# Task details:
Word for word, restate the lines from the one containing "For the internal" through the last line of the material, and include no pictures.

# Source material:
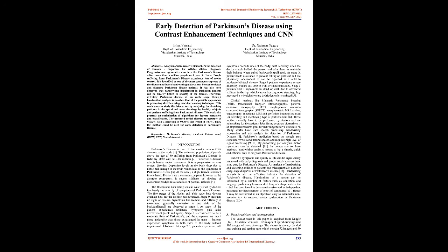Keywords: Parkinson's disease, contrast enhancement, BBHE, CNN, neural networks. I. Introduction.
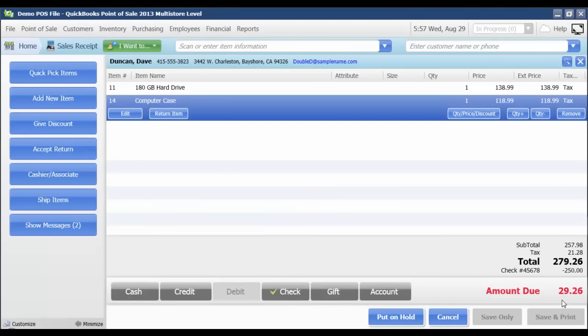Now my amount due is updated to deduct that $250 from the total amount due, leaving us with a balance due of $29.26.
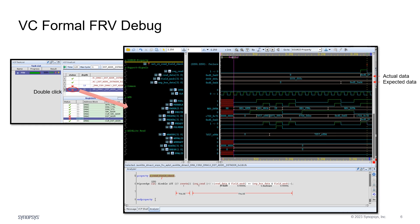This is the VC Formal FRV GUI, which is based on the Verdi interface. It provides property status, depth, names, and other details for each property, and also supports property sorting based on register or field name. VC Formal FRV provides a counterexample for each falsified assertion. Users can analyze the failure by double-clicking on the property status, or right-clicking the falsified property and choosing view trace.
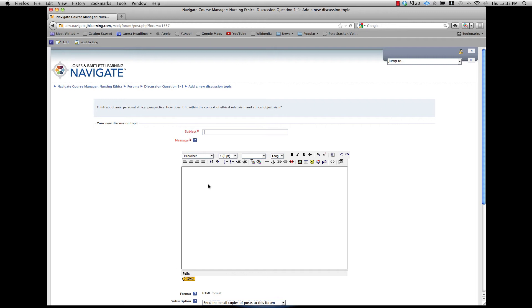You must insert a response subject in the subject field and you must insert your response to the discussion question in the message field.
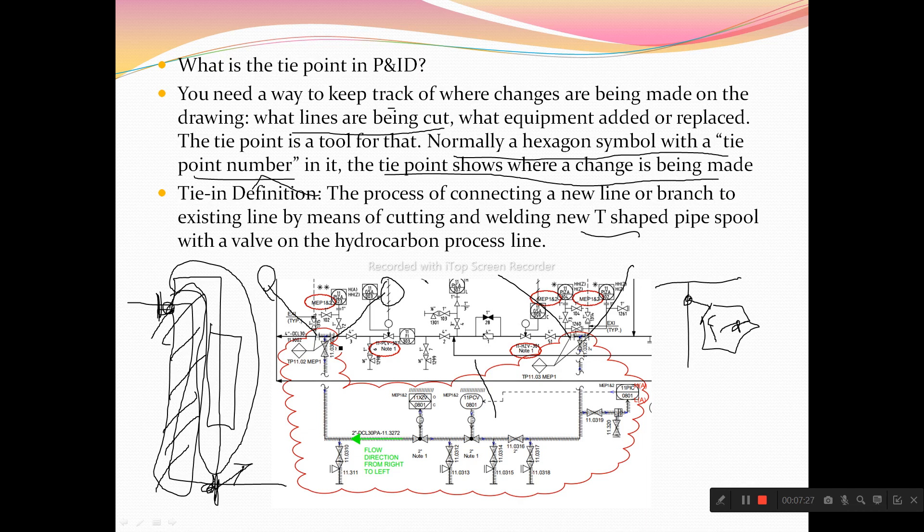You will also get a tie point schedule, and there is a tie point list as well. What you get in the tie point list — it gives you the number, similar to how you get a line list with line information. The same way, the tie point list gives you information on where it is connecting from and where it will end or connect to another pipe.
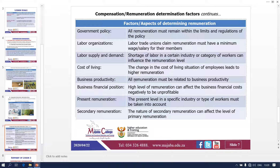For the internal factors: business productivity — remuneration must be related to business productivity; you must not make billions but pay people peanuts. Financial position — a higher level of remuneration can affect the business financial cost negatively, reducing productivity, so we need the business to remain productive. Present remuneration — the present level in the specific industry or type of workers must be taken into account. Secondary remuneration — the nature of secondary remuneration, meaning the needs provided, can affect the level of primary remuneration; if there are no secondary benefits, the primary must take over. This covers the eight factors of determining remuneration.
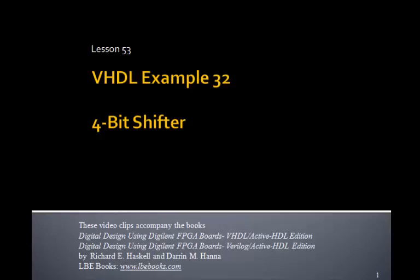This is lesson 53, VHDL example 32. In this example, we'll design a 4-bit shifter.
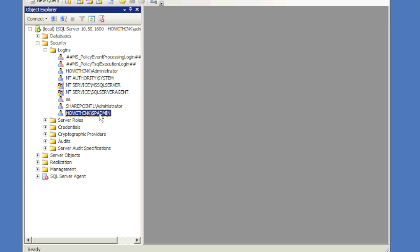So what we're going to do now is we're going to go ahead and exit out and we'll log in under SharePoint admin to go ahead and install our SharePoint.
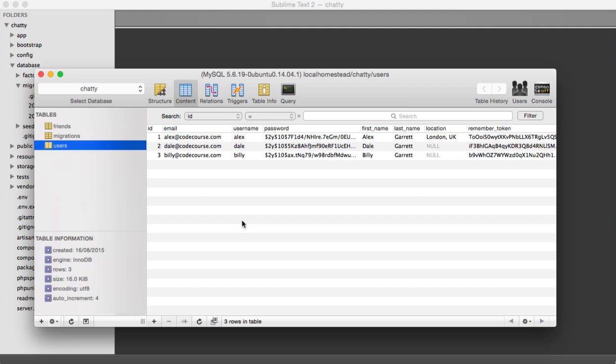Let's create our statuses table migration so we can migrate this and create our table within our database. This is going to handle status replies as well. We're not going to have a separate table for this.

# Completed exercise:
For the internal factors: business productivity — remuneration must be related to business productivity; you must not make billions but pay people peanuts. Financial position — a higher level of remuneration can affect the business financial cost negatively, reducing productivity, so we need the business to remain productive. Present remuneration — the present level in the specific industry or type of workers must be taken into account. Secondary remuneration — the nature of secondary remuneration, meaning the needs provided, can affect the level of primary remuneration; if there are no secondary benefits, the primary must take over. This covers the eight factors of determining remuneration.
This is lesson 53, VHDL example 32. In this example, we'll design a 4-bit shifter.
So what we're going to do now is we're going to go ahead and exit out and we'll log in under SharePoint admin to go ahead and install our SharePoint.
Let's create our statuses table migration so we can migrate this and create our table within our database. This is going to handle status replies as well. We're not going to have a separate table for this.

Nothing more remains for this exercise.